質問

I am facing a problem when a remote web client with slow connection fails to send complete POST request with multipart/form-data content but PHP still uses partially received data to populate $_POST array. As a result one value in $_POST array can be incomplete and more values can be missing. I tried to ask same question in Apache list first and got an answer that Apache doesn't buffer the request body and passes it to PHP module as a giant blob.

Here is my sample POST request:

POST /test.php HTTP/1.0
Connection: close
Content-Length: 10000
Content-Type: multipart/form-data; boundary=ABCDEF

--ABCDEF
Content-Disposition: form-data; name="a"

A
--ABCDEF

You can see that Content-Length is 10000 bytes, but I send just one var a=A.

The PHP script is:

<?php print_r($_REQUEST); ?>

Web server waits for about 10 seconds for the rest of my request (but I don't send anything) and then returns this response:

HTTP/1.1 200 OK
Date: Wed, 27 Nov 2013 19:42:20 GMT
Server: Apache/2.2.22 (Debian)
X-Powered-By: PHP/5.4.4-14+deb7u3
Vary: Accept-Encoding
Content-Length: 23
Connection: close
Content-Type: text/html

Array
(
     [a] => A
)

So here is my question: How can I verify in PHP that the post request was received completely? $_SERVER['CONTENT_LENGTH'] would show 10000 from the request header, but is there a way to check the real content length received?

役に立ちましたか?

解決

I guess that the remote client is actually a browser with HTML page. otherwise, let me know and i'll try to adapt my solution.

You can add field <input type="hidden" name="complete"> (for example) as the last parameter. in PHP check firstly whether this parameter was sent from client. if this parameter sent - you can be sure that you got the entire data.

Now, i'm not sure that the order of parameters must be preserved according the RFC (of both, HTML and HTTP). but i've tried some variations and i saw that the order kept indeed.

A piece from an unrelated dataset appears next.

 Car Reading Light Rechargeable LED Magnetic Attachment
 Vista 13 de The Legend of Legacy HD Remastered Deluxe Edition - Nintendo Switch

Better solution will be, calculate (on client side) hash of the parameters and send him as another parameter. so you can be absolutely sure that you got the entire data. But this is starting to sound complicated...

他のヒント

As far as I know there is no way to check if the size of received content matches the value of the Content-Length header when using multipart/form-data as Content-Type, because you cannot get hold of the raw content.

1) If you can change Content-Type (to application/x-www-form-urlencoded for example) you can read php://input, which will contain the raw content of the request. The size of php://input should match Content-Length (assuming the value of Content-Length is correct). If there's a match, you can still use $_POST to get the processed content (regular post data). Read about php://input here.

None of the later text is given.